Saying a reluctant goodbyePublished 12:12am Sunday, November 3, 2013
By Dennis Edwards
How does a pastor say goodbye after 26 years — after countless worship services, marriages, funerals, births and sermons? How does he or she answer a call to another field of ministry?
The Rev. Dr. Mark Croston Sr. is doing just that at East End Baptist Church. Last Sunday was his farewell sermon. He’s leaving one of Suffolk’s most historic and highly regarded pulpits to become the national director of black church partnerships with Lifeway Christian Resources, the Southern Baptist publishing arm in Nashville.
It is a major opportunity. Yet in the precincts of the most high God, even promotions require a soul-deep struggle. As I read his written resignation, I saw him wrestling with a private decision while being publicly obedient to the Lord’s work, and the answers to my questions took shape.
Life is at its best in struggle — the struggle to be born, to live and to die in right relationship with the crucified and risen Lord.
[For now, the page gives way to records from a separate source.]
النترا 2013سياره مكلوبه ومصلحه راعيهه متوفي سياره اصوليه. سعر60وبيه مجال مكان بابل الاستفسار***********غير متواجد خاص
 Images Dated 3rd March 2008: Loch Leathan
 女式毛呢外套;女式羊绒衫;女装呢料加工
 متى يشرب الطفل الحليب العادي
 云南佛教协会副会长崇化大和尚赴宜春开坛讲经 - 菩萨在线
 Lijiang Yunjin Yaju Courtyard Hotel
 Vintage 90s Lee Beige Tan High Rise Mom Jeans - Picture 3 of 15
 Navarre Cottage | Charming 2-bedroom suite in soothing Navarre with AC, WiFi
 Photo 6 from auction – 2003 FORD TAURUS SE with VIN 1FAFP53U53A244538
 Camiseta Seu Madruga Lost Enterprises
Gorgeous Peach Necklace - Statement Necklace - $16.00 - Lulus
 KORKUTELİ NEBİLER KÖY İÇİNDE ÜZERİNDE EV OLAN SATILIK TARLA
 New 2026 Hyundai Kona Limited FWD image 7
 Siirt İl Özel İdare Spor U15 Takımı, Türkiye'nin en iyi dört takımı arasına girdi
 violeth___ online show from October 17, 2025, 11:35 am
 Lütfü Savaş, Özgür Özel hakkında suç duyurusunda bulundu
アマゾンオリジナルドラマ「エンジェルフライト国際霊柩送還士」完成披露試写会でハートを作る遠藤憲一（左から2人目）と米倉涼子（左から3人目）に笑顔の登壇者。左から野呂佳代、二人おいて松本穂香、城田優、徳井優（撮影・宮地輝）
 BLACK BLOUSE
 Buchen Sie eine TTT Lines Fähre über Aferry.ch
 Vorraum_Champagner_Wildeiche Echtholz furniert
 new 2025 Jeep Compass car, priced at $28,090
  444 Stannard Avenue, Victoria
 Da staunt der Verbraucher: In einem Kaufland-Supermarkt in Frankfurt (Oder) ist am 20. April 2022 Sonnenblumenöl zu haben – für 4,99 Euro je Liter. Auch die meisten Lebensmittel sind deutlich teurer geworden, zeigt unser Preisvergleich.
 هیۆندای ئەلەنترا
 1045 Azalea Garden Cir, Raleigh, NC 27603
We come to know God best in those struggles.
So what do you say when the Lord calls you away when you’re on the brink of a $5-million building program? What do you say when, as Mark readily admits, “I really don’t want to leave.”
You say “yes” and you get to that point “by any means necessary” — through prayer, argument, refusal, resignation and ultimately acceptance. As long as the wrestling takes place in the presence of the Lord, things are as they should be.
Will everyone understand? No. Is everyone supposed to understand? No. Since “obedience is better than sacrifice,” the most we can do is to celebrate what the Lord has allowed pastor and people to do together.
Caught up in the struggle, East End finds a way to rejoice in worship, to be thankful for what the Lord has done through his departing servant.
On Sunday they stood together in the presence of the Savior who is challenging them in an ongoing process of change. Accepting sprits rocked in gratitude. From pillar to post, smiling faces showed joy in sometimes-strained smiles, while embracing a determination to lean on the Lord.
Maybe this is the best way “to say goodbye to yesterday.” Or maybe, as Dr. Croston indicated, it’s a blueprint for saying “hasta luego,” until we meet again.
East End’s 11th pastor did what good church leaders do. He urged his congregation not to forget who they are and to whom they belong, to aim high in pursuit of holiness and deeper relationships and to step up their game in claiming lost souls for Christ.
He also had a gentle and playful admonishment for them: “Now don’t act a fool in my absence”.
It was hard for him to say goodbye. But I must admit I’ve never heard Mark sing that well before. I’ve also never seen or felt a congregation so thoroughly demonstrate the kind of love that won’t end with “goodbye.”